PROBLEM STATEMENT: Repeat the listing that follows character for character, omitting images.

SOURCE DATA:
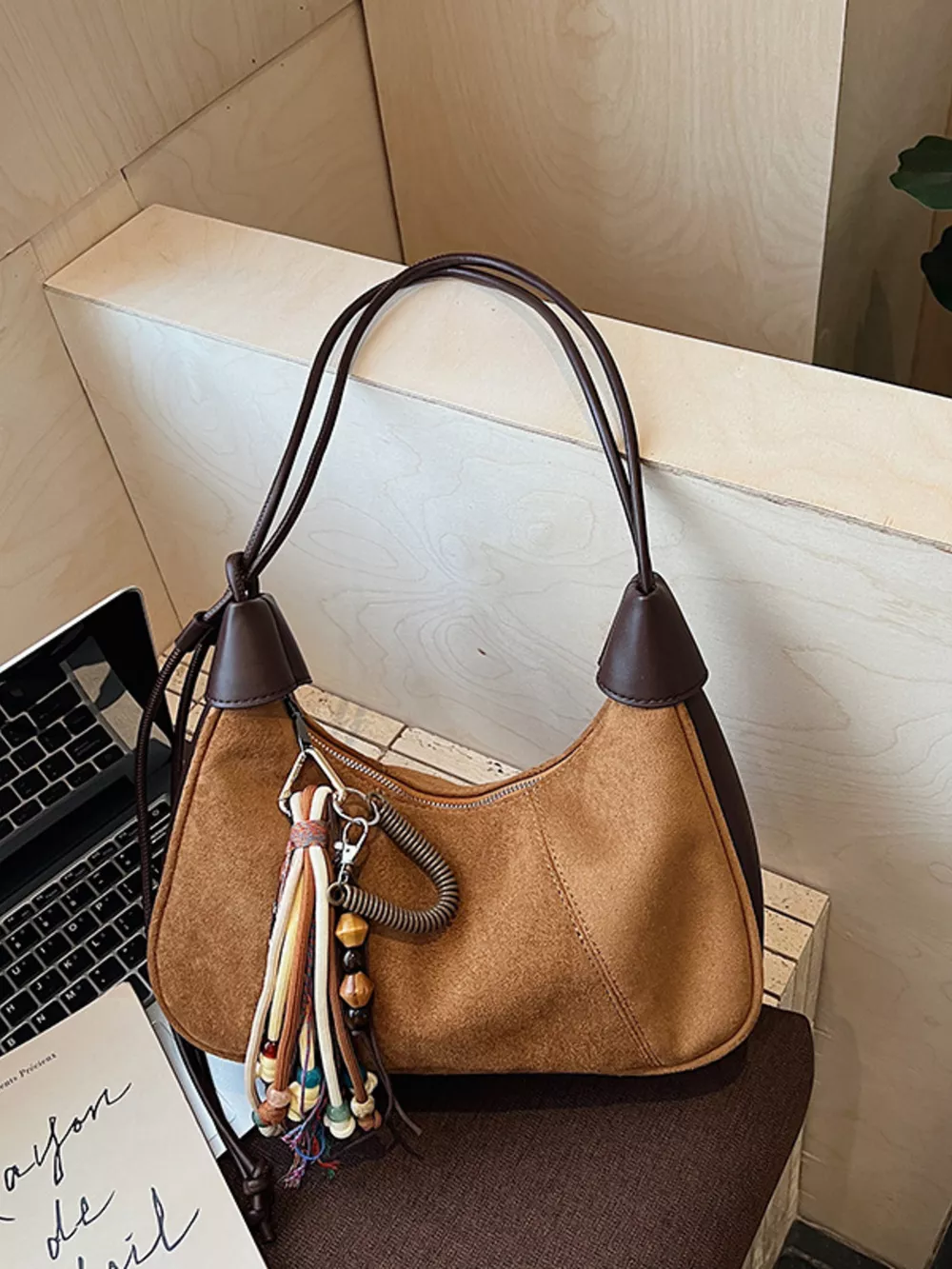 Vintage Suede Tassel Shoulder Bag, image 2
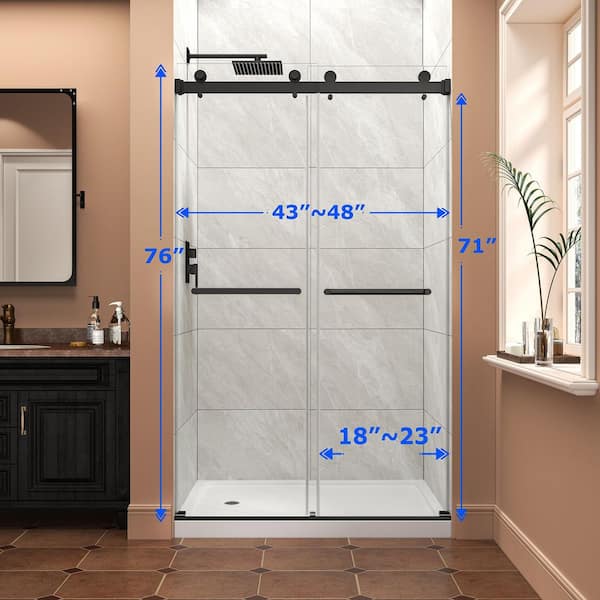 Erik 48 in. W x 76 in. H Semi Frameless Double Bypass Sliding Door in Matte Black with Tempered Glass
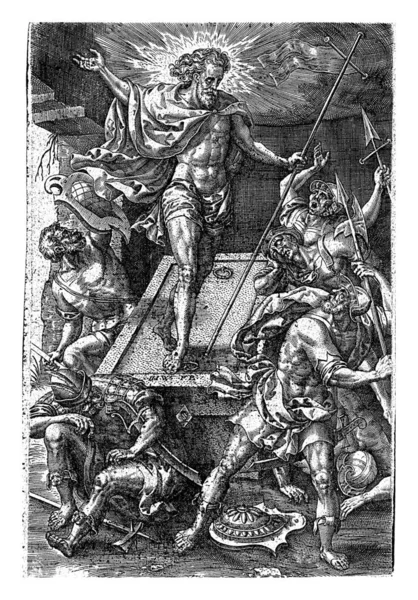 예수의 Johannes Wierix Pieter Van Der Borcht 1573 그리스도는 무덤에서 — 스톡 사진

SOLVED EXERCISE:
 Vintage Suede Tassel Shoulder Bag, image 2
 Erik 48 in. W x 76 in. H Semi Frameless Double Bypass Sliding Door in Matte Black with Tempered Glass
 예수의 Johannes Wierix Pieter Van Der Borcht 1573 그리스도는 무덤에서 — 스톡 사진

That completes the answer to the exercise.